When reading Ray Kurzweil's book, The Singularity is Near, in which he discusses recent activity in brain mapping among other things, I realized right away that the insular cortex & spindle cells might be implicated in anorexia. This paper seems to have it the wrong way around though.

Not all anorexia sufferers dislike the taste of food. Almost universal though is their belief that they're disgusting becuase they think they're fat. I believe it's more likely that since the spindle cells & the insular cortex are the non rational emotional brain overlying the rational brain, that the body self image (also controlled in the insular cortex) is telling another part of the insular cortex that food must not taste good. This would partly explain that although anorexia has been around for thousands of years long before this was in, current media emphasis on weight/fat has fed into the increase in anorexia.

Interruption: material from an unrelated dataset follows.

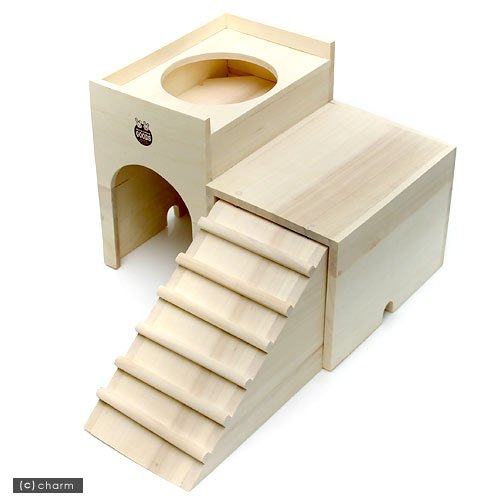 （株）マルカン HT‐33うさちゃんの2階でごはん 小動物 小動物用ハウス 用品｛SK}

There are numerous studies showing that a shocking percentage of preteens are already obsessed with fat & how they look & think they're too fat! Considering that eating, sleeping, & excreting are hardwired into the animal, there has to be something pretty powerful goinf on to turn that eating switch off. Teen age girls seem to be the predominant victims of anorexia. Could it be some interaction with some female hormones or enzymes that turn that switch in the spindle cells or the insular cortex!?

Eating Disorders

DeeDee

11/26/2009 3:05:29 AM

Anorexia is not limited to women. My 58 year old brother is a victim due to his intolerance to dentures. Changes in taste and texture due to the covering of his upper palate has cause him to virtually 'starve' himself. Drs. don't believe this due to it's 'rarity'. Please believe me, it can happen. I am watching him starve himself to death at this moment. Anyone out there have proof that this can happen? Otherwise, Dr.'s are flummoxed.